Global stocks extended their gains Friday, capping a week where investors looked past international trade tensions and bet that a strengthening U.S. economy could keep the rally intact.
Taking their lead from Wall Street’s record close on Thursday, stock markets from China to Germany were poised for strong weekly gains. The Stoxx Europe 600 was up 0.5% around midday, led by gains in the automotive and resources sectors. Asian markets rallied across the board.
In the U.S., futures pointed to a 0.1% opening gain for the S&P 500 and 0.2% rise for the Dow Jones Industrial Average after both indexes set new highs in the previous session. It was the S&P 500’s 19th record close this year.
The gains come as investors this week mostly shrugged off the imposition of new tariffs in the continuing trade spat between the U.S. and China. Market participants instead focused on the strong fundamental outlook, including solid corporate earnings and a robust U.S. economy, which is growing at its fastest rate since 2014.
“Risk is having a great time at the moment,” said Jim Reid, an analyst at Deutsche Bank, in a note to clients.
Underscoring the robust economic outlook, Labor Department data on Thursday showed that initial jobless claims, a proxy for layoffs across the U.S., fell to the lowest level since 1969.
“The broader picture is clear: the U.S. economy is doing very well,” said Eric Stein, co-director of global income at Boston-based Eaton Vance. “At some point you start to wonder if this is as good as it gets. But we are not there yet.”
Investors were also looking to next week’s Federal Reserve meeting. Most watchers are expecting the U.S. central bank to raise interest rates.

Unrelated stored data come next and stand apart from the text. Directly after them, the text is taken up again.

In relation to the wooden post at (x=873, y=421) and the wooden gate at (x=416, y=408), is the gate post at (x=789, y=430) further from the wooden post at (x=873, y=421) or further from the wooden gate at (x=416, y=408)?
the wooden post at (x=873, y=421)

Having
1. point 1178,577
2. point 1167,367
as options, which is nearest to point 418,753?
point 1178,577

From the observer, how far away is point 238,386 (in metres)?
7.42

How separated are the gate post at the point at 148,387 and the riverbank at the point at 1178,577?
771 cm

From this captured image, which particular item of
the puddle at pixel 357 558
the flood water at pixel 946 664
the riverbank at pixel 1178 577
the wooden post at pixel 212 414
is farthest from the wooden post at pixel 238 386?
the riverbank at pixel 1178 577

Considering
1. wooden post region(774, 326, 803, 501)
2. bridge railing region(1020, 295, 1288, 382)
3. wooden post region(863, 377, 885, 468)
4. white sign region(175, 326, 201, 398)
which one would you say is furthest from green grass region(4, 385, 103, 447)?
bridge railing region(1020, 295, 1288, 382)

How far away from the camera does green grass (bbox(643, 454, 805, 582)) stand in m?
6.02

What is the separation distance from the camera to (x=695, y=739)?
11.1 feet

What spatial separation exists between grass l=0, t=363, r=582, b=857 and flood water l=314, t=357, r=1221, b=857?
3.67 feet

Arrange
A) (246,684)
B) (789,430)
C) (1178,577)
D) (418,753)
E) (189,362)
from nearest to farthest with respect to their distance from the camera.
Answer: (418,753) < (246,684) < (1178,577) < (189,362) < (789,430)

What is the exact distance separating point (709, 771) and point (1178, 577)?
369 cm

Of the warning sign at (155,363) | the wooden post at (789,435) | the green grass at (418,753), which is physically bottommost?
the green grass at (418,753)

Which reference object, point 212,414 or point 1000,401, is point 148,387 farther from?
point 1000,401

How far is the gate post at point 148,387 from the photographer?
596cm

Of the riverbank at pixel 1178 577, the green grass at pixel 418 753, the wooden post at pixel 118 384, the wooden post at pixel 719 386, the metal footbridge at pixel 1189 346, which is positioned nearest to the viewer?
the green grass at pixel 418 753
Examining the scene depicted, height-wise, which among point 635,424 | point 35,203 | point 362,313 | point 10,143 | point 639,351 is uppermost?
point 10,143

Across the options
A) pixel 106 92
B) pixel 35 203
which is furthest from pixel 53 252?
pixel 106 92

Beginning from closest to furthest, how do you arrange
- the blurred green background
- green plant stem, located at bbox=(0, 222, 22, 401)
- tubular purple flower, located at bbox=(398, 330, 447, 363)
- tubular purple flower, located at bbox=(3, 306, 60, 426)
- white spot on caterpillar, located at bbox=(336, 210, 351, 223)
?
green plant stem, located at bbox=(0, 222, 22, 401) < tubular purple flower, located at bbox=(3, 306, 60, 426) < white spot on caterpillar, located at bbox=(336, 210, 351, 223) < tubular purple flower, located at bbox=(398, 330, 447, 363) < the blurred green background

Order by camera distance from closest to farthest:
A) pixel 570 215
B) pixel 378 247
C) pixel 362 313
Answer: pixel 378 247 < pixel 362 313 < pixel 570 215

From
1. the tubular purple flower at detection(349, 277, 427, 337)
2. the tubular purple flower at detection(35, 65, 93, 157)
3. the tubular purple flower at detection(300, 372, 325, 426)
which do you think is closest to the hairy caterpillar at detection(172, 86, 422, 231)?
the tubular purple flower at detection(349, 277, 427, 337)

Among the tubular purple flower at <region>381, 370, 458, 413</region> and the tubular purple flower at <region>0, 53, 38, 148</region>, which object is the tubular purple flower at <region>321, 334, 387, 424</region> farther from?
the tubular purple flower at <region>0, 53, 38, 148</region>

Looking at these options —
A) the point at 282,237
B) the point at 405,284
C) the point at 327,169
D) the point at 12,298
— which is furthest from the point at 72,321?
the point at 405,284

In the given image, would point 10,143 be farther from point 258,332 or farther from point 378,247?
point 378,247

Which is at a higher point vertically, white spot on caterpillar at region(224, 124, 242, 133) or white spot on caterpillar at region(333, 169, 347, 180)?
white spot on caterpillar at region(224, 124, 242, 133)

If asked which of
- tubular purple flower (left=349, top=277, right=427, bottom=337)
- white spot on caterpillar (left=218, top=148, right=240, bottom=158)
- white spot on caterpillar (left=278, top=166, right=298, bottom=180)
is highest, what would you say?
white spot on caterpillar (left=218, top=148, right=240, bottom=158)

“With the economy doing well and inflation not picking up much, it has been easy for the Fed this year,” said Mr. Stein, who is expecting a rate rise next week and one more in December. “A year from now is where it gets more interesting.”
The 10-year U.S. Treasury yield rose slightly to 3.081%, compared with 3.076% on Thursday. Yields move inversely to prices.

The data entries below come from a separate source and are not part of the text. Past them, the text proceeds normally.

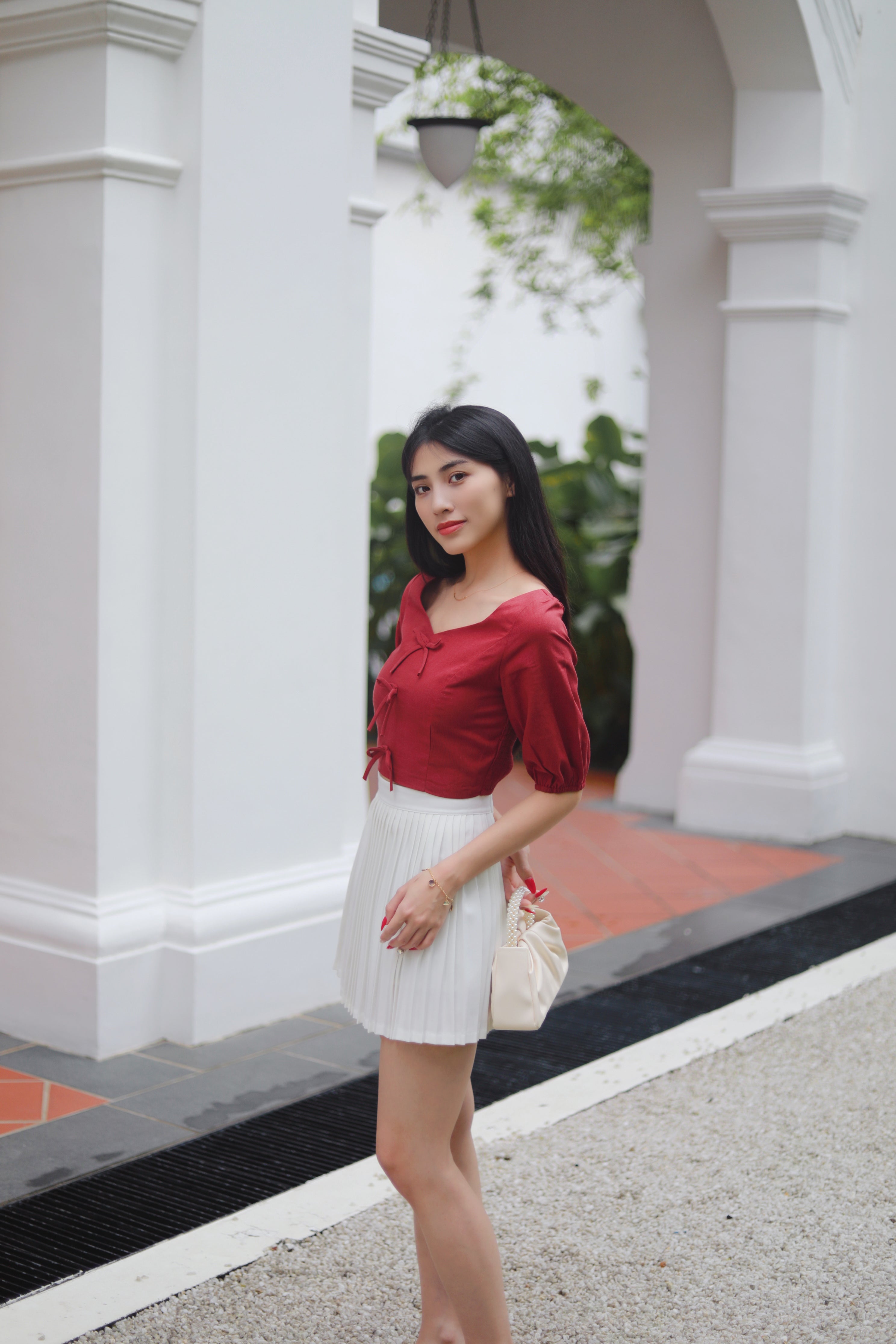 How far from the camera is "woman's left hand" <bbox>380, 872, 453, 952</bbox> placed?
2.14m

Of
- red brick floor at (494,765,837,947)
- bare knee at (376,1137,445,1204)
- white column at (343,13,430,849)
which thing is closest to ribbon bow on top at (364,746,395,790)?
bare knee at (376,1137,445,1204)

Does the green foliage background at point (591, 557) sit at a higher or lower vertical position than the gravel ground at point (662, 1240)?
higher

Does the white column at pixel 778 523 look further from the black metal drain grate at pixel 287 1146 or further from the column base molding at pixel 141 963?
the column base molding at pixel 141 963

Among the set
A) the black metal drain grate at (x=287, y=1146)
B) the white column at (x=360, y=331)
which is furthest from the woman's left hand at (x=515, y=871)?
the white column at (x=360, y=331)

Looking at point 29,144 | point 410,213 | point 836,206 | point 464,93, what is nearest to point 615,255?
point 464,93

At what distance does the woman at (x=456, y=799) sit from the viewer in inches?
85.1

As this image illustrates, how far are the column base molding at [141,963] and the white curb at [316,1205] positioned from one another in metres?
0.79

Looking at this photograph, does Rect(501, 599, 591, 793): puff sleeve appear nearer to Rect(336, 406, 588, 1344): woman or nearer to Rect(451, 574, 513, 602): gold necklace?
Rect(336, 406, 588, 1344): woman

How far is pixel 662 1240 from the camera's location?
2930 mm

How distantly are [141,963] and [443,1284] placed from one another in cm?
172

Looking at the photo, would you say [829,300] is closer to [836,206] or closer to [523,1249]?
[836,206]

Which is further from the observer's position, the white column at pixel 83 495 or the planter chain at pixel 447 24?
the planter chain at pixel 447 24

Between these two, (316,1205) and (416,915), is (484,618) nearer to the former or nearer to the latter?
(416,915)

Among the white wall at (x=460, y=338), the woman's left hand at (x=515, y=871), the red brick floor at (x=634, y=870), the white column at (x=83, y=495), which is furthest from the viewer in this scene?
the white wall at (x=460, y=338) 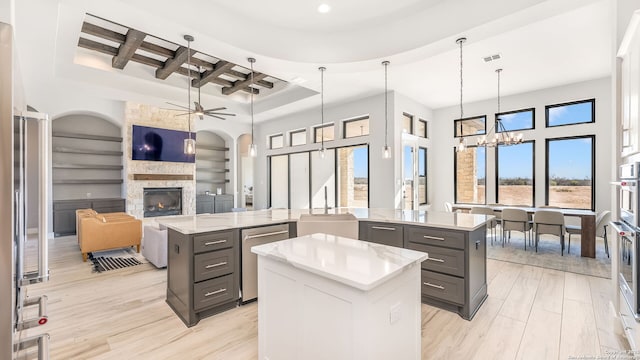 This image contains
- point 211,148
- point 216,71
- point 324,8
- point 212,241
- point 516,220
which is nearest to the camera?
point 212,241

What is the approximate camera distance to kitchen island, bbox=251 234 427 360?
4.43ft

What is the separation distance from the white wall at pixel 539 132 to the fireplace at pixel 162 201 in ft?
23.5

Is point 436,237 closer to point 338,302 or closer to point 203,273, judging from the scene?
point 338,302

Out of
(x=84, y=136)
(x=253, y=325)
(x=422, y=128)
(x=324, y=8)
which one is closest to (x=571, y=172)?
(x=422, y=128)

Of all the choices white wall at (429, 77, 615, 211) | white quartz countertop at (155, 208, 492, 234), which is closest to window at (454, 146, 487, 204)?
white wall at (429, 77, 615, 211)

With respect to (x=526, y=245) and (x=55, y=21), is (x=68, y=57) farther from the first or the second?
(x=526, y=245)

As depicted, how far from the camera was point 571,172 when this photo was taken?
6152mm

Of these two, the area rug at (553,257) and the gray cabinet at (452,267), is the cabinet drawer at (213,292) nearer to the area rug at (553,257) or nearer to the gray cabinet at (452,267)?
the gray cabinet at (452,267)

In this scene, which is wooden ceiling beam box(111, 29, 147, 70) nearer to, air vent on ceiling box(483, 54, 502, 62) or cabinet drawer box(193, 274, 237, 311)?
cabinet drawer box(193, 274, 237, 311)

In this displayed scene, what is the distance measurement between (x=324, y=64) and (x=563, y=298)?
4131 millimetres

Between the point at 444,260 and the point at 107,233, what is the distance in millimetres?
5087

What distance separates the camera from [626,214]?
2.05 metres

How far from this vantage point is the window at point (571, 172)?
5.94 meters

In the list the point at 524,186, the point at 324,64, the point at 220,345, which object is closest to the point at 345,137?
the point at 324,64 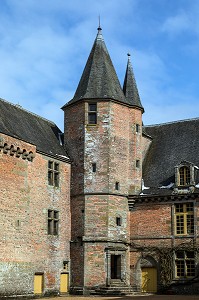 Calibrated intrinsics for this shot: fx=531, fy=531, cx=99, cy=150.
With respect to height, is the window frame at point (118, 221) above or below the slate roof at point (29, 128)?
below

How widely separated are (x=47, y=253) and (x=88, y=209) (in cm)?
342

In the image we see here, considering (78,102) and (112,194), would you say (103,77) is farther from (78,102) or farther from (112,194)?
(112,194)

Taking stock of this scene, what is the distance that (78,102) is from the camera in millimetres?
32031

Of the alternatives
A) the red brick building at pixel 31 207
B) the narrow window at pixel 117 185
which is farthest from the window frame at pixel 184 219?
the red brick building at pixel 31 207

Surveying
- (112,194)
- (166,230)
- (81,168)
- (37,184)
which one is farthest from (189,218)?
(37,184)

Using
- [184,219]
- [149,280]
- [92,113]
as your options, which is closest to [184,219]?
[184,219]

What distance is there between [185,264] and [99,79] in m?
12.0

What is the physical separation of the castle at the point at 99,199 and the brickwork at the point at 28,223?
0.05 m

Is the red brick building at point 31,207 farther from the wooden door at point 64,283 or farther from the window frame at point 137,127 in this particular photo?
the window frame at point 137,127

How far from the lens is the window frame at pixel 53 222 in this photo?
2928 cm

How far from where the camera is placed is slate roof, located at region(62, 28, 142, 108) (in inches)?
1251

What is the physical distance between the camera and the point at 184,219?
30062 millimetres

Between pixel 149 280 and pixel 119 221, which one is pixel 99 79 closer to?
pixel 119 221

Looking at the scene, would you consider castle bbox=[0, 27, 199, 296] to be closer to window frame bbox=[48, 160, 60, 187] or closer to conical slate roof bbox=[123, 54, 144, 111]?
window frame bbox=[48, 160, 60, 187] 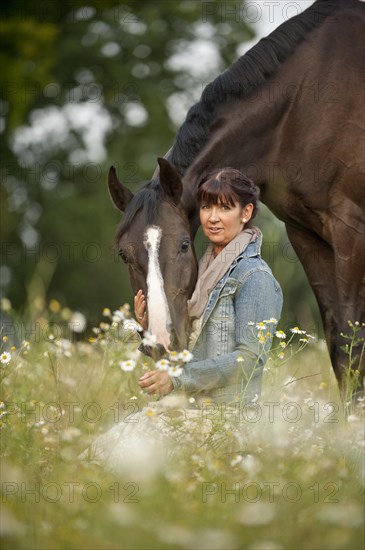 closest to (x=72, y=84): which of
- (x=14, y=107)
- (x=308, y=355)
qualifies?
(x=14, y=107)

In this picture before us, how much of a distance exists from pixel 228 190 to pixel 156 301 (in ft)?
2.01

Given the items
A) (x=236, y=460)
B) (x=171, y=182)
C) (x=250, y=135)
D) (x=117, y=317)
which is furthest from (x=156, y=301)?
(x=250, y=135)

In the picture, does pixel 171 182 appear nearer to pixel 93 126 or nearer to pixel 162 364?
pixel 162 364

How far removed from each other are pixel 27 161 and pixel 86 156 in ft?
4.64

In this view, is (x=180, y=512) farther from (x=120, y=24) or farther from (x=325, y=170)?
(x=120, y=24)

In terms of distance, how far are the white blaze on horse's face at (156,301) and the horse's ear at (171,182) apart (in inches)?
14.0

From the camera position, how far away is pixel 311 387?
5.35 metres

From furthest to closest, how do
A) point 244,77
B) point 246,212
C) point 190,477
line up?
point 244,77 < point 246,212 < point 190,477

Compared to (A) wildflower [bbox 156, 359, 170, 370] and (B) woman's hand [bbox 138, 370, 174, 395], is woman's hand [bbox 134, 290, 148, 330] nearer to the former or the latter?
(B) woman's hand [bbox 138, 370, 174, 395]

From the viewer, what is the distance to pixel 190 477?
302 centimetres

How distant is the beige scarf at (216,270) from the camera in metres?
3.70

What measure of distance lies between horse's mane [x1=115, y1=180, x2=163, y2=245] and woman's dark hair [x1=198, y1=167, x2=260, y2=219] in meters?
0.26

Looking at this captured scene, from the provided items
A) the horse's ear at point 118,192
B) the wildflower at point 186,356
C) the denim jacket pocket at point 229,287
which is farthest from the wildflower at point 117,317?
the wildflower at point 186,356

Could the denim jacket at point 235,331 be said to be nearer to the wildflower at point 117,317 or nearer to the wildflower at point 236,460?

The WSJ Dollar Index, which tracks the dollar against a basket of 16 currencies, was up 0.2%.
In Asia, Chinese equities led the way, with the Shanghai Composite closing up 2.5%, its biggest gain in six weeks. Japan’s Nikkei Stock Average rose 0.8% while Hong Kong’s Hang Seng finished up 1.7%.
In commodities, Brent crude, the global oil price benchmark, was up 0.2% while gold was up 0.1%.